PROBLEM DESCRIPTION: Go through the data below and transcribe it exactly. Omit the images.
○ ○ ○ ○ ○
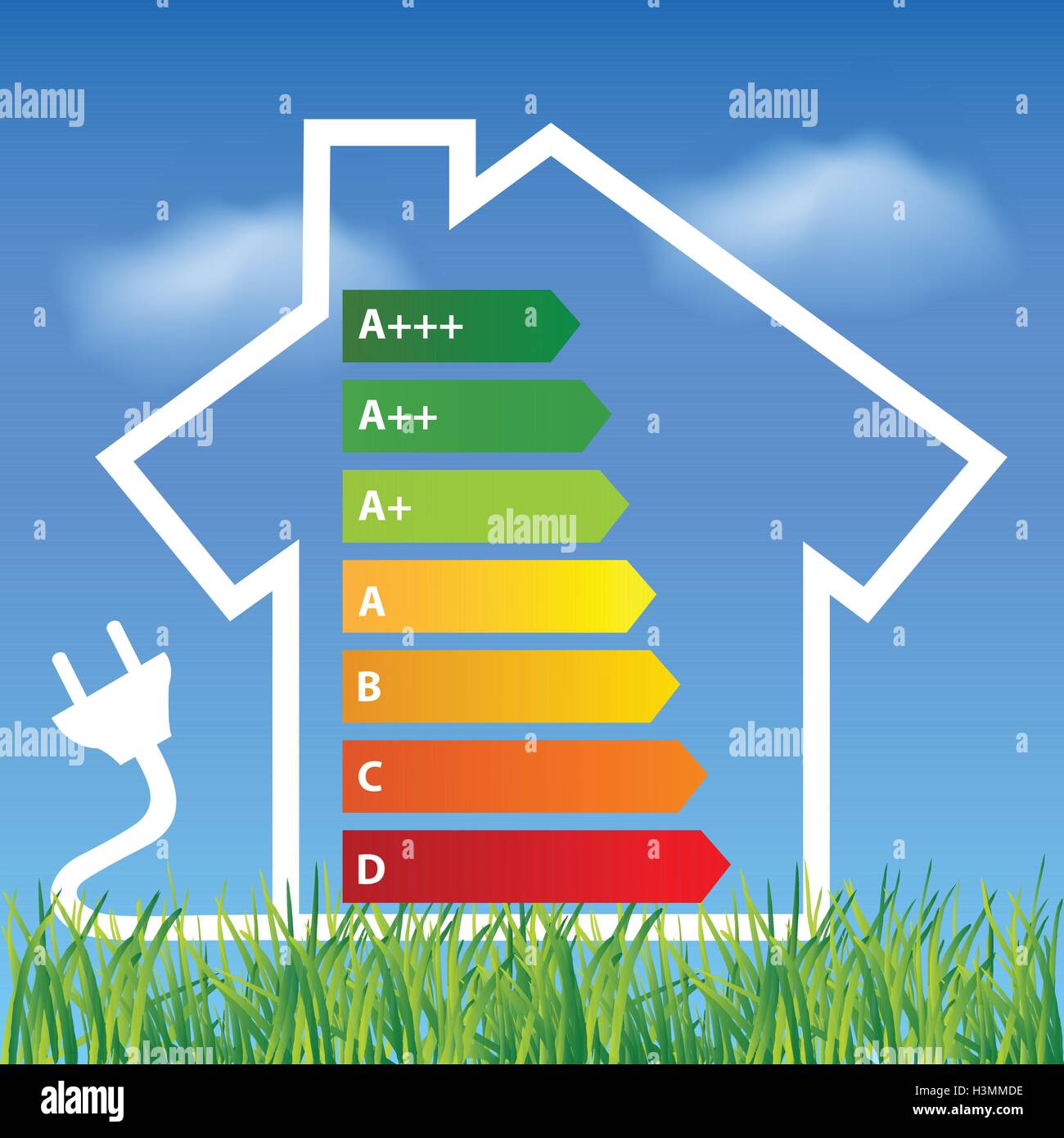 Ambiente Energia.concetto di risparmio energetico Eco casa.Think green concept Illustrazione Vettoriale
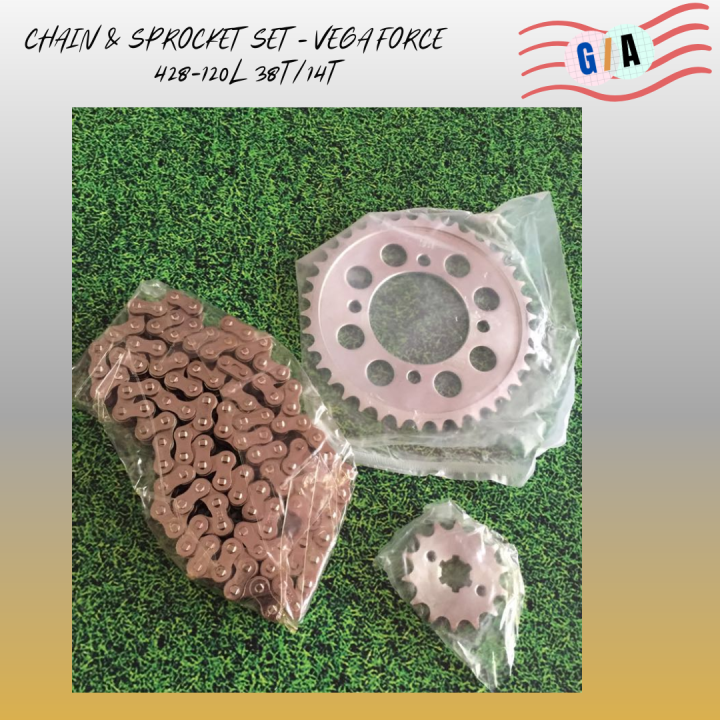 CHAIN & SPROCKET SET VEGA FORCE 428120L 38T/14T Lazada PH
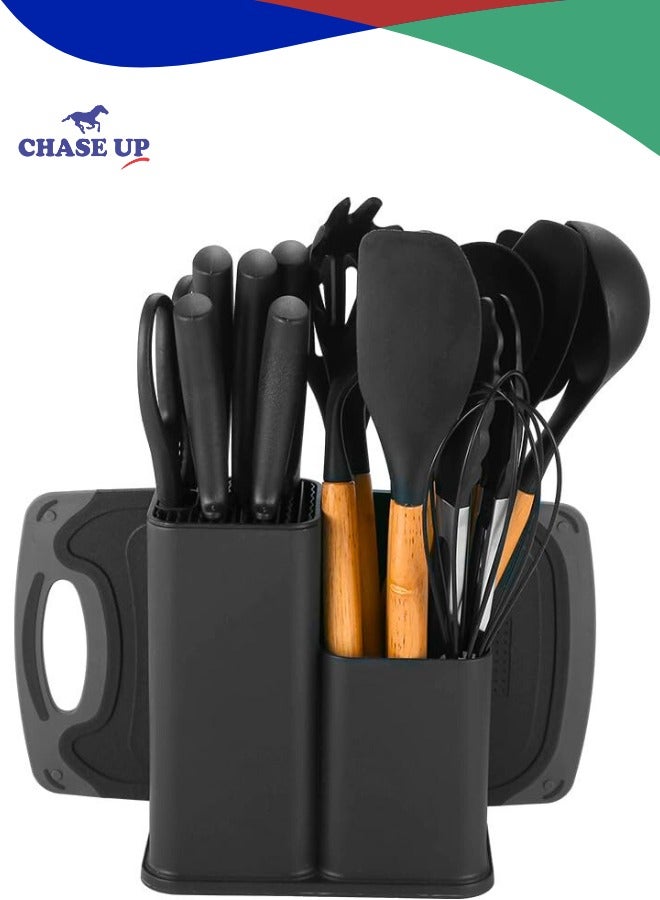 تشيس اب مجموعة أدوات المطبخ والسكاكين SMARTLOOK المكونة من 19 قطعة مع حامل - أدوات طبخ من السيليكون الأسود بمقابض خشبية، وسكاكين من الفولاذ المقاوم للصدأ، ولوح تقطيع، وملقط، وملعقة مسطحة - مقاومة للحرارة، وغير لاصقة - Image 1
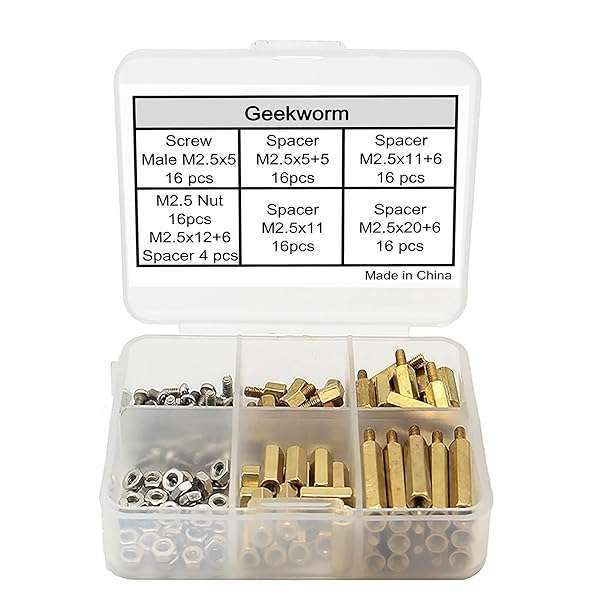 Geekworm M2.5 Hex Brass Spacer Kit for Raspberry Pi 5/4B/3B+/3A+/Zero W - 100 Pcs with Storage Case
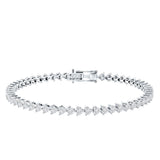 Lab Grown Diamond Heart Tennis Bracelet for Wedding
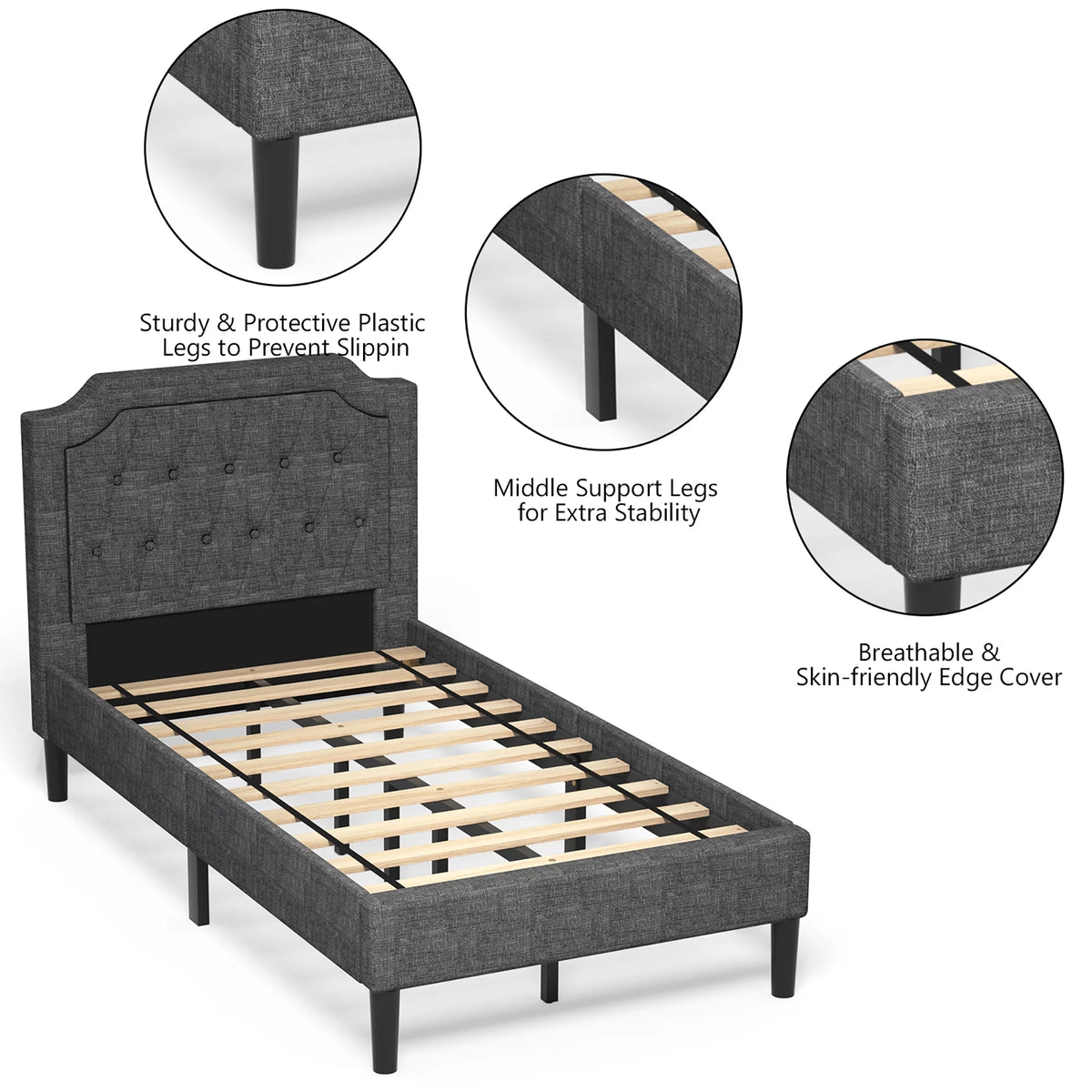Twin Upholstered Platform Bed Frame with Linen Headboard, Grey K867935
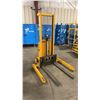 Image 1 : ULINE H-5439, 2200LB CAPACITY SEMI-ELECTRIC STRADDLE STACKER WITH 63" LIFTING HEIGHT, SINGLE MAST,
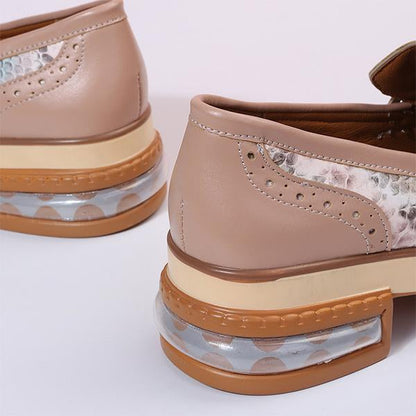 Women's Fashion Rhinestone Snake Pattern Loafers 03568046S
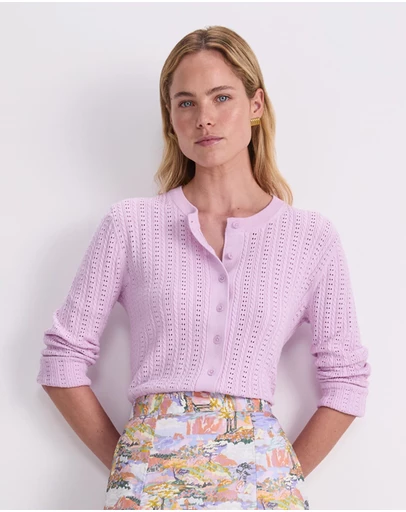 Sportscraft - Elka Cable Pointelle Cardigan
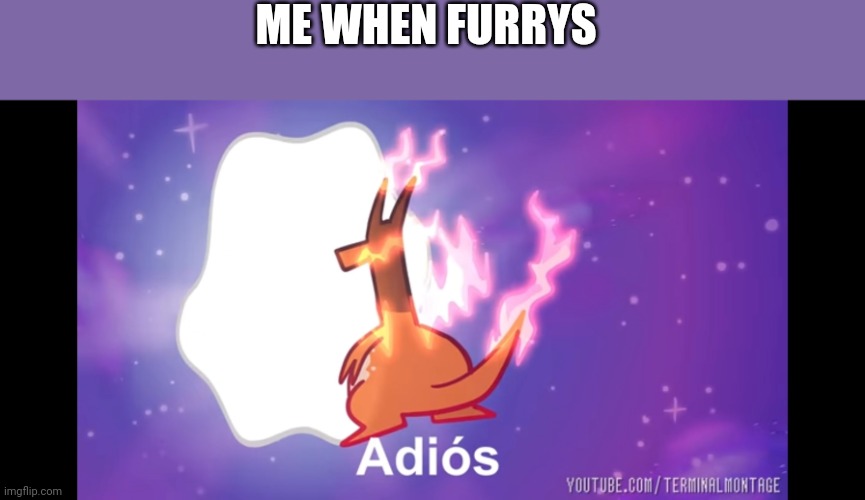 Adiós Giganamax Charizard | ME WHEN FURRYS | image tagged in adi s giganamax charizard | made w/ Imgflip meme maker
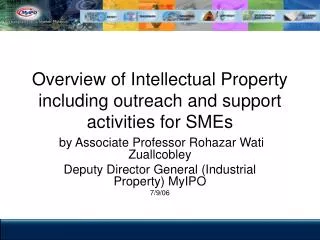 Overview of Intellectual Property including outreach and support activities for SMEs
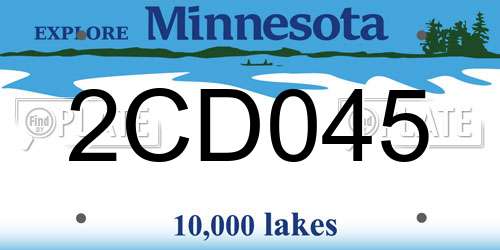 2CD045 Minnesota License Plate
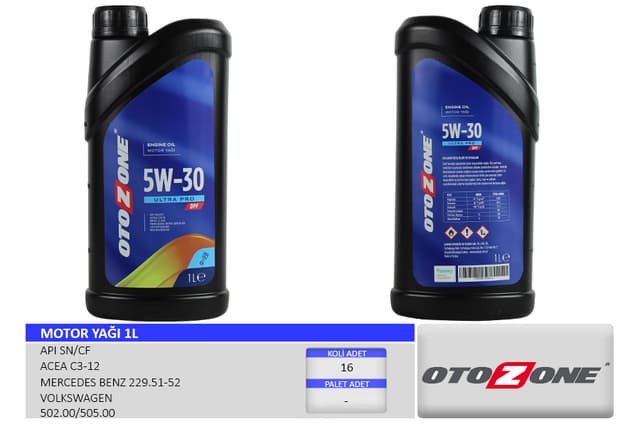 OTOZONE MOTOR YAĞI 5W30 1 LT ULTRA PRO PARTİKÜLLÜ-DPF TAM SENTETİK API SN/CF OEM: 5W30 - OTOZONE CYAG2131 kodlu oto yedek parça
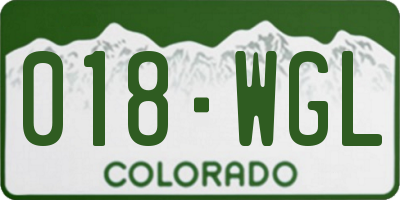 CO license plate 018WGL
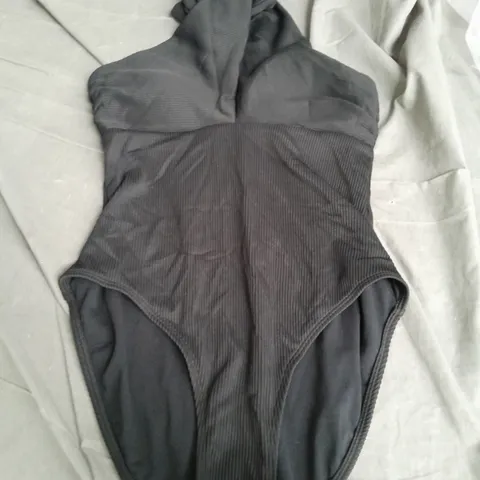 BODEN CROSS FRONT TOE HALTER SWIMSUIT BLACK RIB SIZE 12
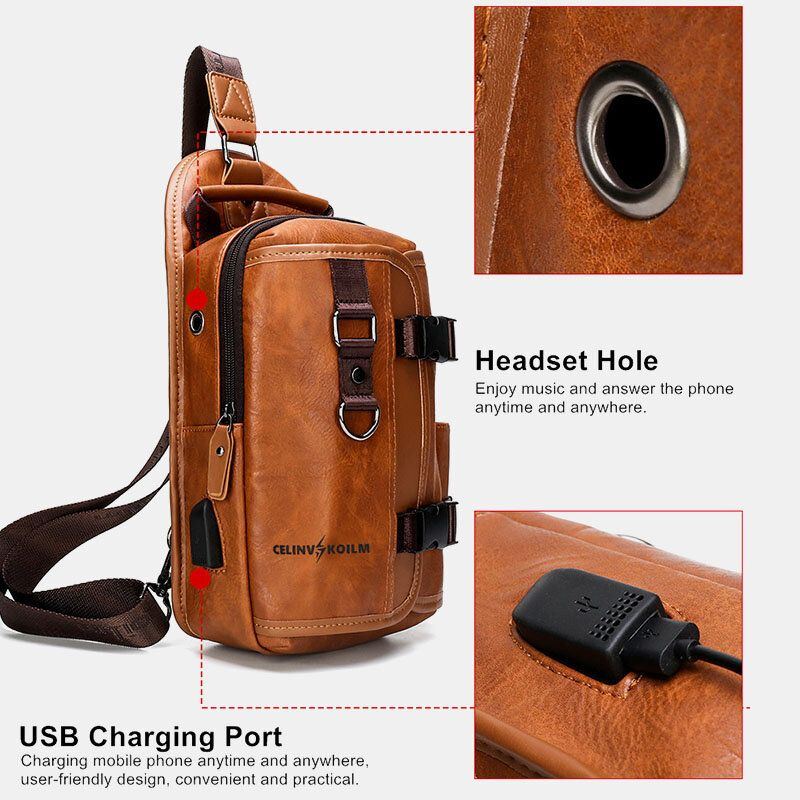 Herren Pu Leder Große Kapazität Multifunktions Headset Loch Usb Aufladung Kurztrip Schultertaschen Umhängetasche Brusttasche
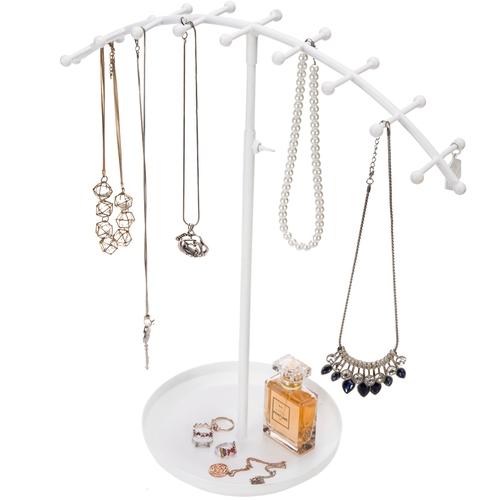 Wave White Metal Jewelry Display Stand with Ring Dish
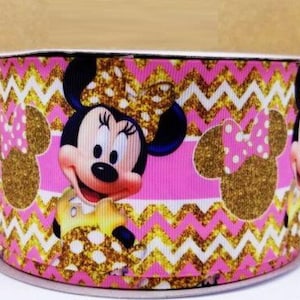 GROSGRAIN RIBBON 5/8", 7/8", 1.5", 3"  Minnie Mouse M4N Printed  By the Yard ( Buy Another One, Add to Cart,  Save on Combine Shipping )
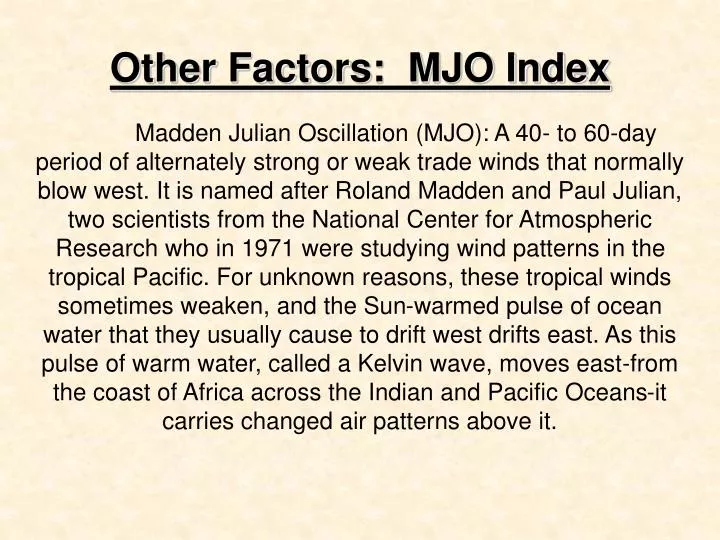 other factors mjo index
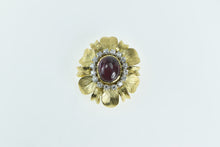 Load image into Gallery viewer, 18K Oval Tourmaline Diamond Halo Ornate Flower Pendant Yellow Gold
○ ○ ○ ○ ○
ANSWER SECTION:
 Ambiente Energia.concetto di risparmio energetico Eco casa.Think green concept Illustrazione Vettoriale
 CHAIN & SPROCKET SET VEGA FORCE 428120L 38T/14T Lazada PH
 تشيس اب مجموعة أدوات المطبخ والسكاكين SMARTLOOK المكونة من 19 قطعة مع حامل - أدوات طبخ من السيليكون الأسود بمقابض خشبية، وسكاكين من الفولاذ المقاوم للصدأ، ولوح تقطيع، وملقط، وملعقة مسطحة - مقاومة للحرارة، وغير لاصقة - Image 1
 Geekworm M2.5 Hex Brass Spacer Kit for Raspberry Pi 5/4B/3B+/3A+/Zero W - 100 Pcs with Storage Case
 Lab Grown Diamond Heart Tennis Bracelet for Wedding
Twin Upholstered Platform Bed Frame with Linen Headboard, Grey K867935
 Image 1 : ULINE H-5439, 2200LB CAPACITY SEMI-ELECTRIC STRADDLE STACKER WITH 63" LIFTING HEIGHT, SINGLE MAST,
 Women's Fashion Rhinestone Snake Pattern Loafers 03568046S
 Sportscraft - Elka Cable Pointelle Cardigan
 Adiós Giganamax Charizard | ME WHEN FURRYS | image tagged in adi s giganamax charizard | made w/ Imgflip meme maker
 Overview of Intellectual Property including outreach and support activities for SMEs
 2CD045 Minnesota License Plate
 OTOZONE MOTOR YAĞI 5W30 1 LT ULTRA PRO PARTİKÜLLÜ-DPF TAM SENTETİK API SN/CF OEM: 5W30 - OTOZONE CYAG2131 kodlu oto yedek parça
 CO license plate 018WGL
 BODEN CROSS FRONT TOE HALTER SWIMSUIT BLACK RIB SIZE 12
 Herren Pu Leder Große Kapazität Multifunktions Headset Loch Usb Aufladung Kurztrip Schultertaschen Umhängetasche Brusttasche
 Wave White Metal Jewelry Display Stand with Ring Dish
 GROSGRAIN RIBBON 5/8", 7/8", 1.5", 3"  Minnie Mouse M4N Printed  By the Yard ( Buy Another One, Add to Cart,  Save on Combine Shipping )
 other factors mjo index
 Load image into Gallery viewer, 18K Oval Tourmaline Diamond Halo Ornate Flower Pendant Yellow Gold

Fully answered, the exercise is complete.